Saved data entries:
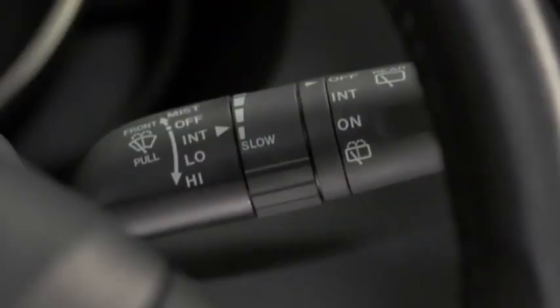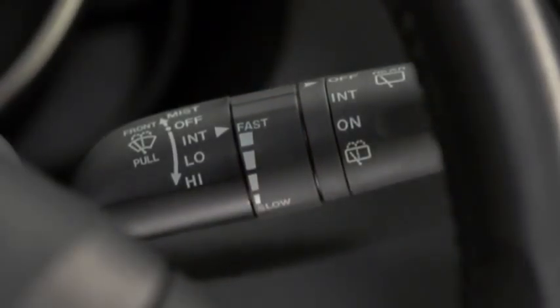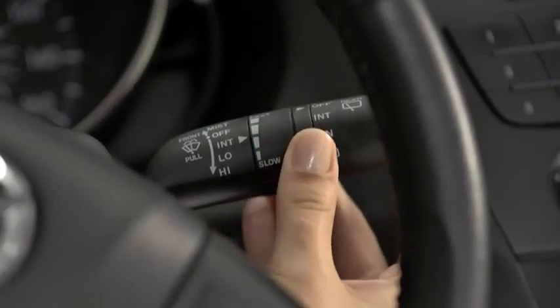Choose the interval timing by rotating the inner ring. Rotate the ring upward for a faster interval, or rotate it downward for a slower interval.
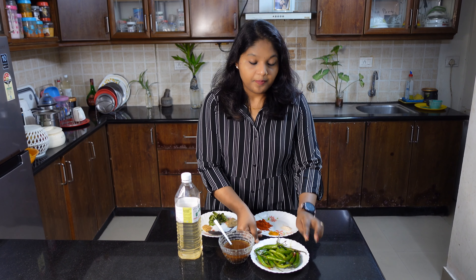So I will explain the ingredients for this recipe. Then I will start with the ingredients.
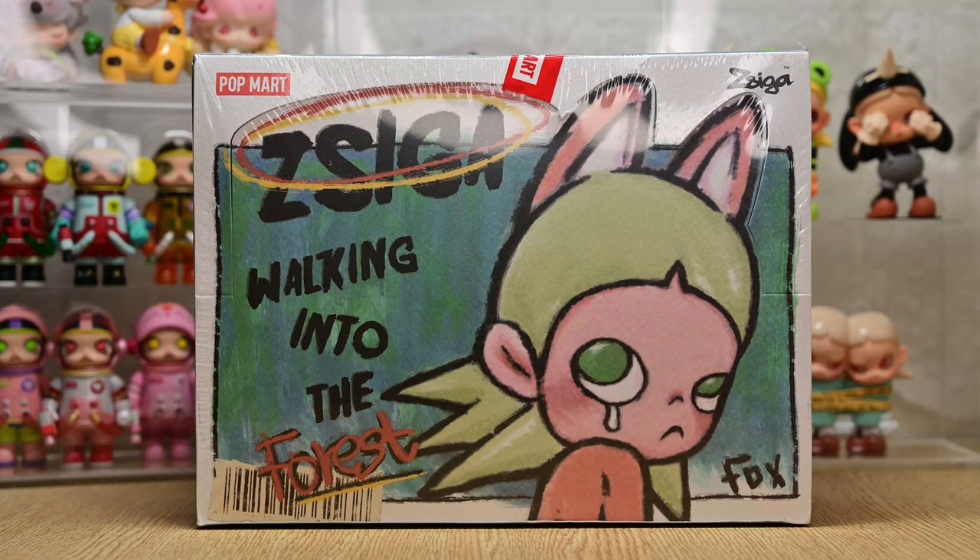Hi everyone, welcome back to another video. Today we're going to be unboxing Ziga Walking into the Forest. This is Ziga's very first series, but I only recently got my hands on it, so let's take a look at the lineup.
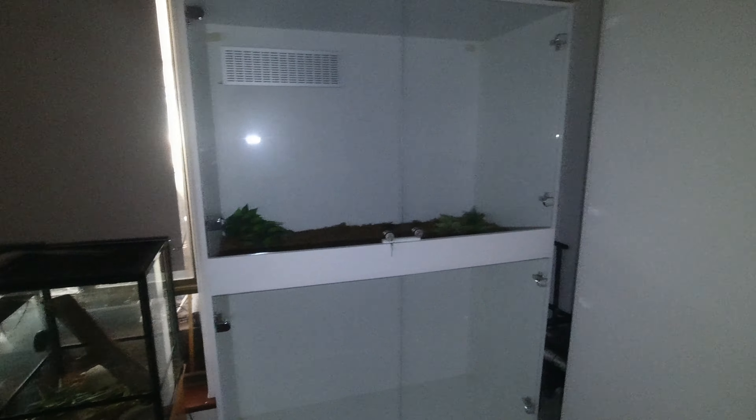G'day guys, welcome to Rumble's Fishroom. There's something I want to show you before we get stuck into today's video, because I might even be able to grab a bit of advice off you guys. I know a heap of you keep reptiles. I'm using my torch and my camera because the light fitting in this room has actually snapped off and I've just been a bit lazy to replace it.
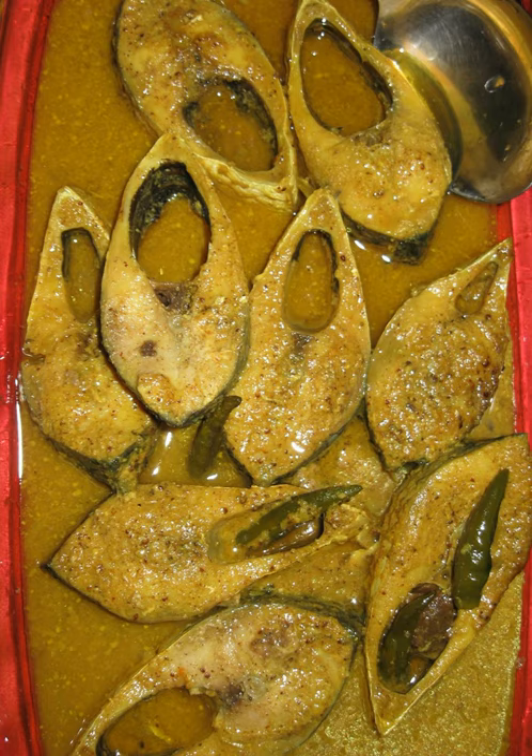add black cumin and one green chili, and sauté for one minute. Then mix turmeric powder, red chili powder, a little salt and a little water to the oil and sauté for another minute.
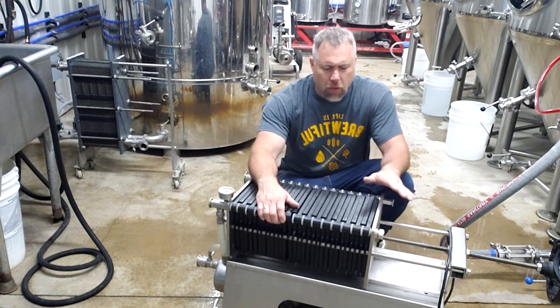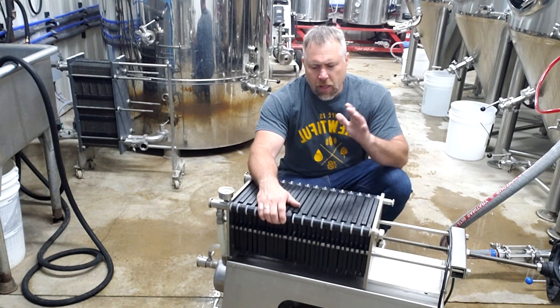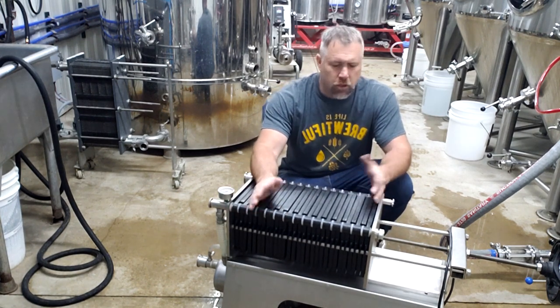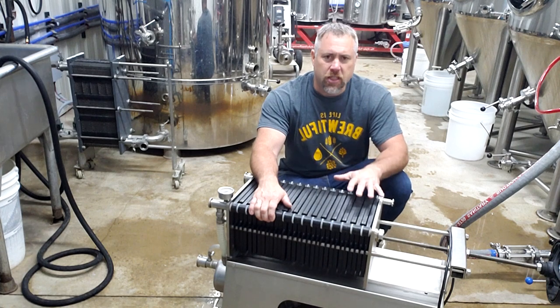We're going to go through the full process all the way from the prep, cleaning, sanitation, how to load the filter pads, which filter pads to use, and how this little system works.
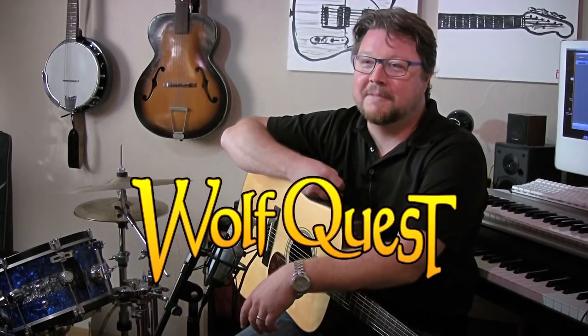Hello, my name's Tim Buzza. I am an educator and composer, father and husband and artist. I did the music for the WolfQuest games. I've been working with Dave Schaller and EduWeb for — I don't know — it's over ten years, probably fifteen maybe.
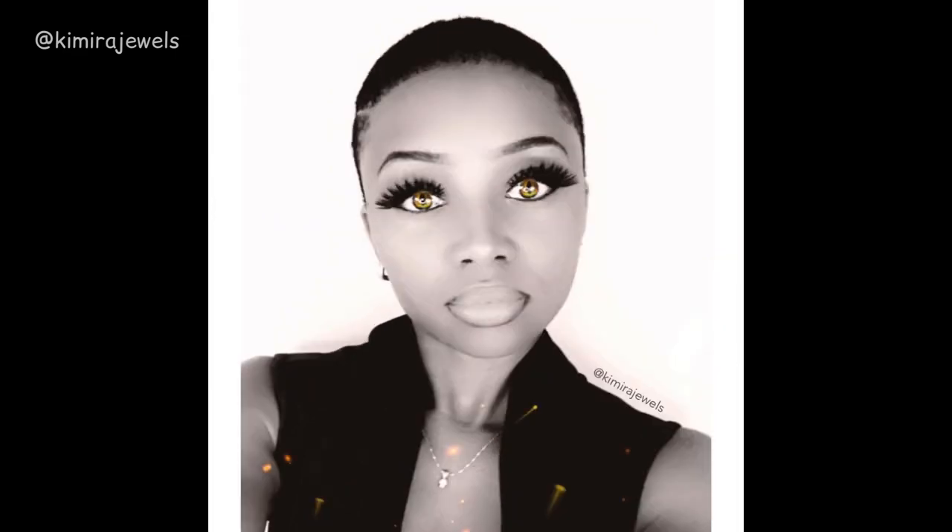I actually cut it back in September — last year September I shaved it off, due to health issues. I do have a video on that; there's a link above if you want to check it out. So I shaved it all off and I've been maintaining like a really low fade and waves and things like that.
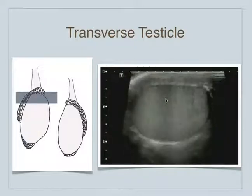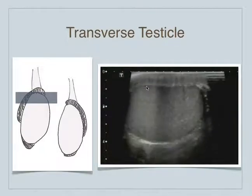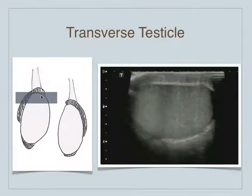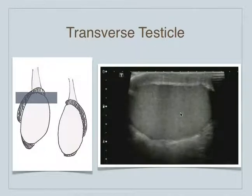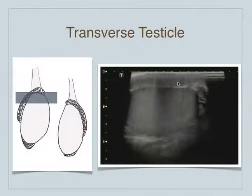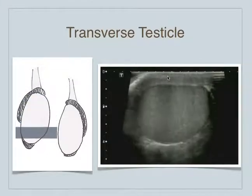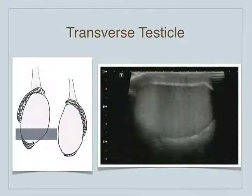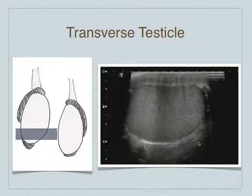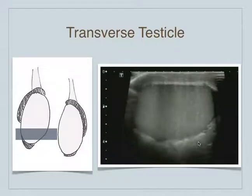The next view is going to be a transverse view. Now we've got a short axis of the testicle. We just basically slide the probe along the testicle, and many times we can see a portion of the epididymis as well. In this portion, all I see is the testicle and the scrotal skin. We just slide that probe down from the superior portion towards the inferior portion, noting the testicle itself for any changes in echogenicity. We want to see a nice isoechoic texture — homogenous — and we don't want to see any areas of focal masses.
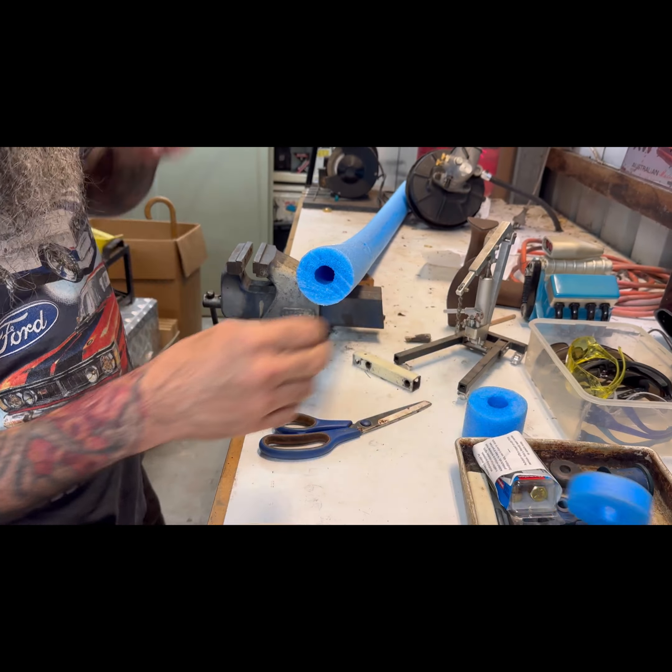Mine's so old it doesn't even work properly — check this out. It's gonna work. Look at the cut on that — not a mess at all, nothing like that other side.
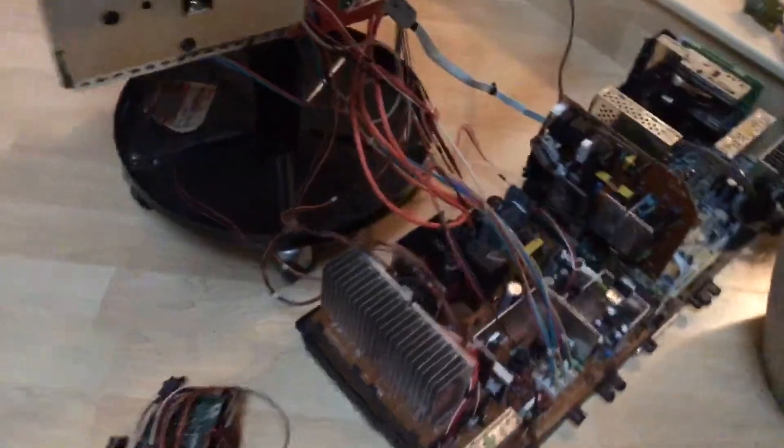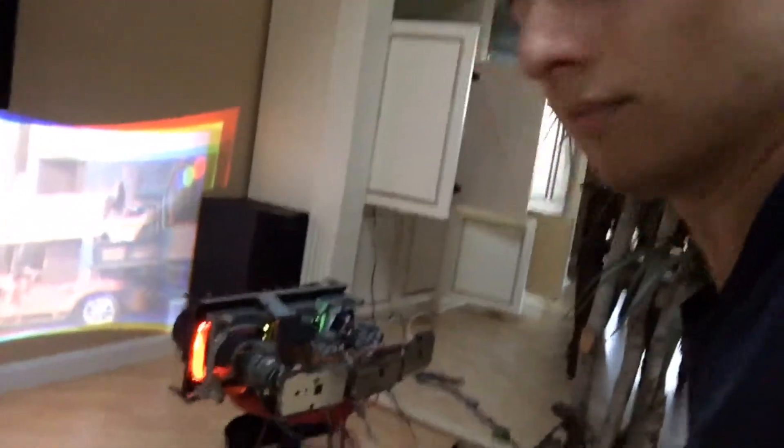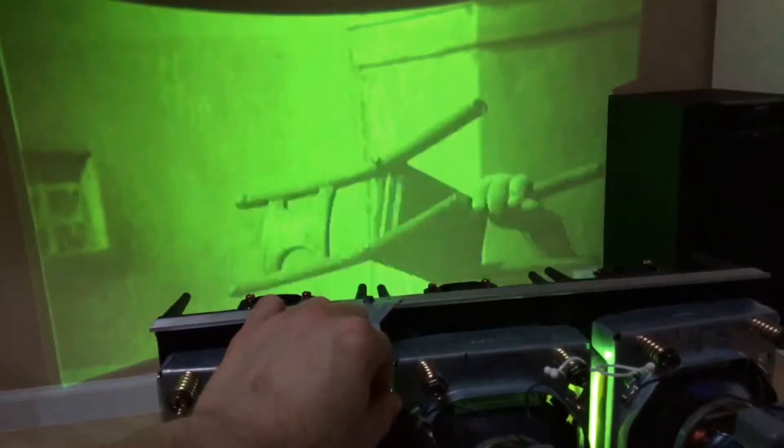Oh man. If you ever want to play around with it, you have controls right here — just green, just blue, or just red.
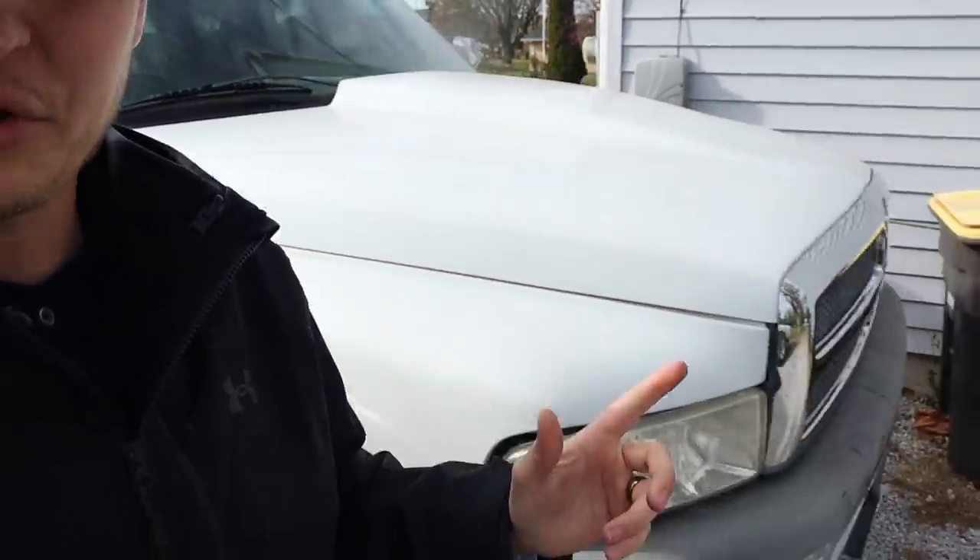Hopefully you guys like the new truck and are just as excited as I am to see the progress on this one, as well as the other 12-valve. If you have any questions, put them down in the comment section below. If you want to win that blue Chevy, information is in the description. Subscribe if you're new to join the team, and I'll catch you in the next video — peace.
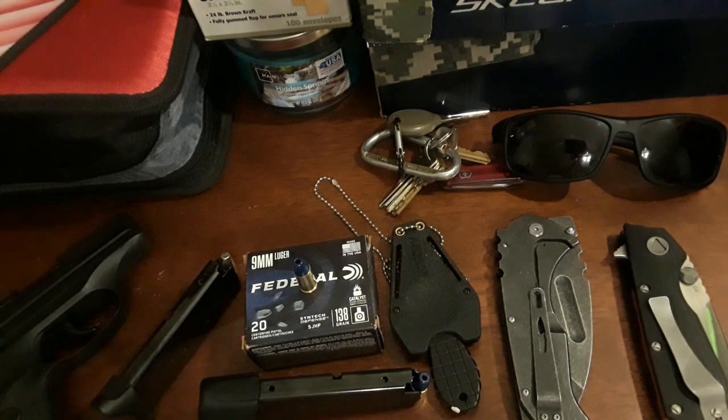Let me know what you think in the comment section below on my EDC for the summer of 2019. Like my granddad used to say, violence is the last resort of the thinking man — only a fool would refuse to face the facts when it becomes an option for life. Y'all stay armed and safe. Peace.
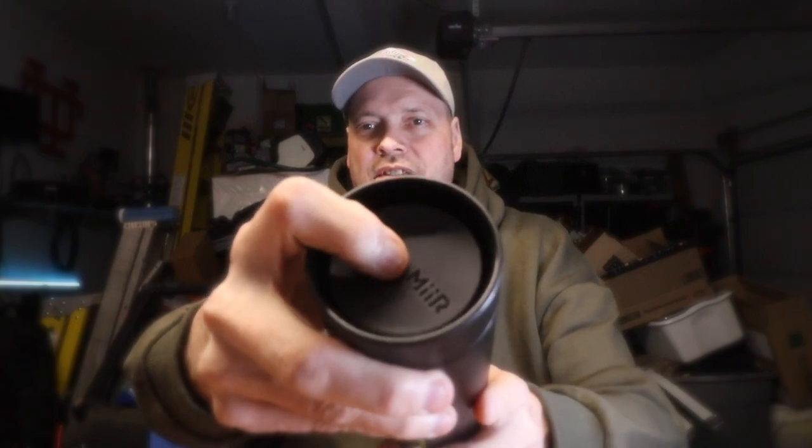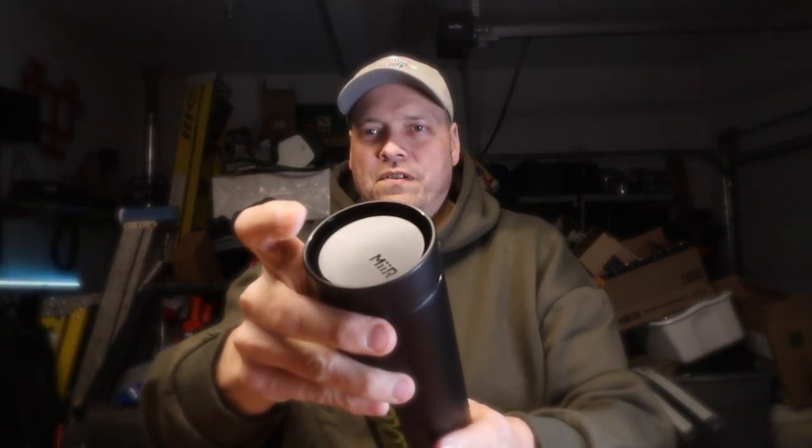What caught my eye was this: you push it open, liquid comes out, push it down and it's spill proof — that's pretty darn sweet. Zileo, thank you so much for the swag. Appreciate it. You'll be seeing this in videos — it's probably definitely going to be carrying my hot coffee.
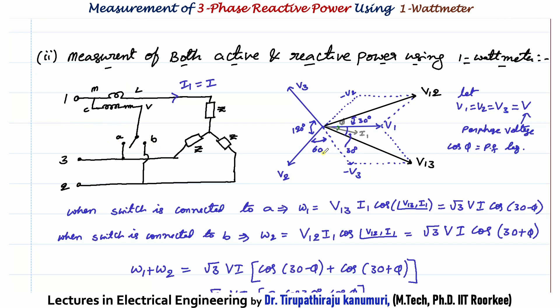From the phasor diagram, V1, V2, V3 are separated by 120°. When connected to side A, the pressure coil measures V13 = V1 − V3. Taking minus V3 divides the 120° into 60° and 60°, and the resultant V13 bisects this by 30°. With I1 lagging V1 by φ, the angle between V13 and I1 is 30° − φ. So W1 = V13 · I1 · cos(30° − φ) = √3·V·I·cos(30° − φ).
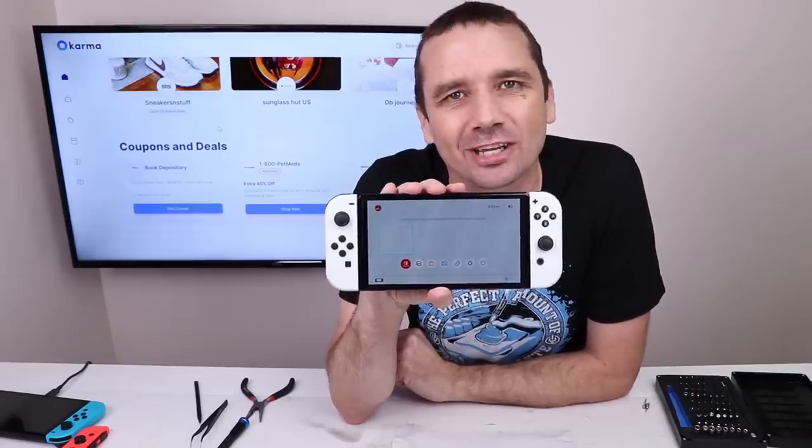Be sure to use my link in the description to go check out Karma. Thank you so much for watching and I hope you have a good one.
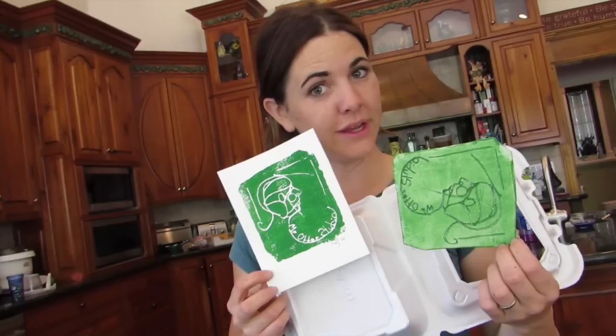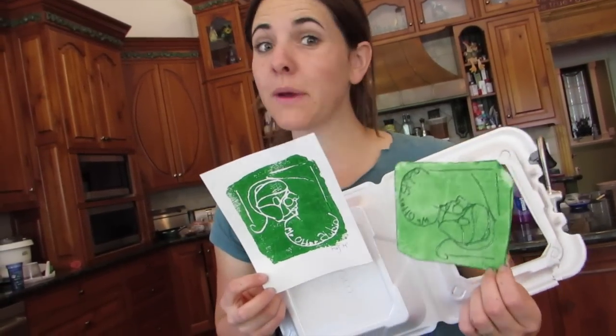Today in Mr. Otter Studio we're going to show you how to make a print using a styrofoam plate. The good thing with making prints is you can make as many as you want. You can make cards with these, you can make a bunch of them and give them to all your friends. It's not like a painting where you only have one — with prints you can make a bunch of them, just kind of like a stamp.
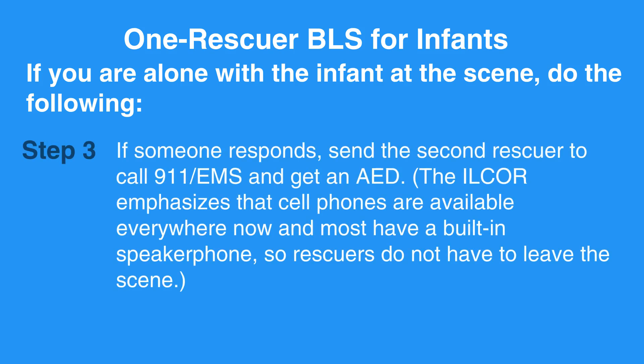If someone responds, send the second rescuer to call 911 EMS and get an AED. The ILCOR emphasizes that cell phones are available everywhere now, and most have a built-in speakerphone, so rescuers do not have to leave the scene.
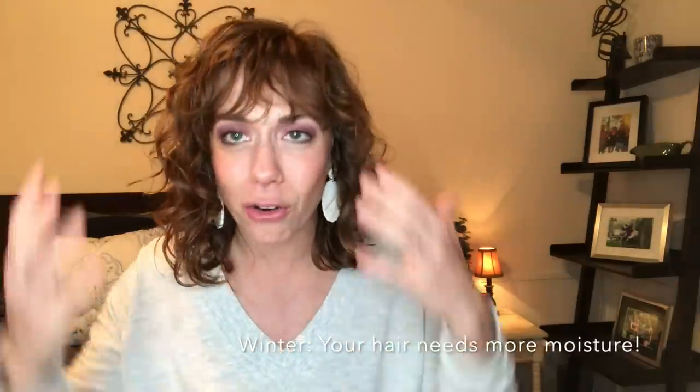So today I'm going over my new and improved winter hair care routine. This video has been a long time coming. I don't think I have filmed a winter hair care routine video since like 2016. Winter is so different from summer — it's another extreme, just a different kind. Whereas in summer you're avoiding glycerin because it's too humid and it makes your hair big and poofy, you're also avoiding glycerin in the winter because it dries out your hair.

PROBLEM DETAILS:
When copying the records, reproduce every entry exactly and omit all pictures.

SOLUTION FOR THIS EXERCISE:
Choose the interval timing by rotating the inner ring. Rotate the ring upward for a faster interval, or rotate it downward for a slower interval.
So I will explain the ingredients for this recipe. Then I will start with the ingredients.
Hi everyone, welcome back to another video. Today we're going to be unboxing Ziga Walking into the Forest. This is Ziga's very first series, but I only recently got my hands on it, so let's take a look at the lineup.
G'day guys, welcome to Rumble's Fishroom. There's something I want to show you before we get stuck into today's video, because I might even be able to grab a bit of advice off you guys. I know a heap of you keep reptiles. I'm using my torch and my camera because the light fitting in this room has actually snapped off and I've just been a bit lazy to replace it.
add black cumin and one green chili, and sauté for one minute. Then mix turmeric powder, red chili powder, a little salt and a little water to the oil and sauté for another minute.
We're going to go through the full process all the way from the prep, cleaning, sanitation, how to load the filter pads, which filter pads to use, and how this little system works.
Hello, my name's Tim Buzza. I am an educator and composer, father and husband and artist. I did the music for the WolfQuest games. I've been working with Dave Schaller and EduWeb for — I don't know — it's over ten years, probably fifteen maybe.
I actually cut it back in September — last year September I shaved it off, due to health issues. I do have a video on that; there's a link above if you want to check it out. So I shaved it all off and I've been maintaining like a really low fade and waves and things like that.
The next view is going to be a transverse view. Now we've got a short axis of the testicle. We just basically slide the probe along the testicle, and many times we can see a portion of the epididymis as well. In this portion, all I see is the testicle and the scrotal skin. We just slide that probe down from the superior portion towards the inferior portion, noting the testicle itself for any changes in echogenicity. We want to see a nice isoechoic texture — homogenous — and we don't want to see any areas of focal masses.
Mine's so old it doesn't even work properly — check this out. It's gonna work. Look at the cut on that — not a mess at all, nothing like that other side.
Oh man. If you ever want to play around with it, you have controls right here — just green, just blue, or just red.
Hopefully you guys like the new truck and are just as excited as I am to see the progress on this one, as well as the other 12-valve. If you have any questions, put them down in the comment section below. If you want to win that blue Chevy, information is in the description. Subscribe if you're new to join the team, and I'll catch you in the next video — peace.
Let me know what you think in the comment section below on my EDC for the summer of 2019. Like my granddad used to say, violence is the last resort of the thinking man — only a fool would refuse to face the facts when it becomes an option for life. Y'all stay armed and safe. Peace.
What caught my eye was this: you push it open, liquid comes out, push it down and it's spill proof — that's pretty darn sweet. Zileo, thank you so much for the swag. Appreciate it. You'll be seeing this in videos — it's probably definitely going to be carrying my hot coffee.
From the phasor diagram, V1, V2, V3 are separated by 120°. When connected to side A, the pressure coil measures V13 = V1 − V3. Taking minus V3 divides the 120° into 60° and 60°, and the resultant V13 bisects this by 30°. With I1 lagging V1 by φ, the angle between V13 and I1 is 30° − φ. So W1 = V13 · I1 · cos(30° − φ) = √3·V·I·cos(30° − φ).
Be sure to use my link in the description to go check out Karma. Thank you so much for watching and I hope you have a good one.
Today in Mr. Otter Studio we're going to show you how to make a print using a styrofoam plate. The good thing with making prints is you can make as many as you want. You can make cards with these, you can make a bunch of them and give them to all your friends. It's not like a painting where you only have one — with prints you can make a bunch of them, just kind of like a stamp.
If someone responds, send the second rescuer to call 911 EMS and get an AED. The ILCOR emphasizes that cell phones are available everywhere now, and most have a built-in speakerphone, so rescuers do not have to leave the scene.
So today I'm going over my new and improved winter hair care routine. This video has been a long time coming. I don't think I have filmed a winter hair care routine video since like 2016. Winter is so different from summer — it's another extreme, just a different kind. Whereas in summer you're avoiding glycerin because it's too humid and it makes your hair big and poofy, you're also avoiding glycerin in the winter because it dries out your hair.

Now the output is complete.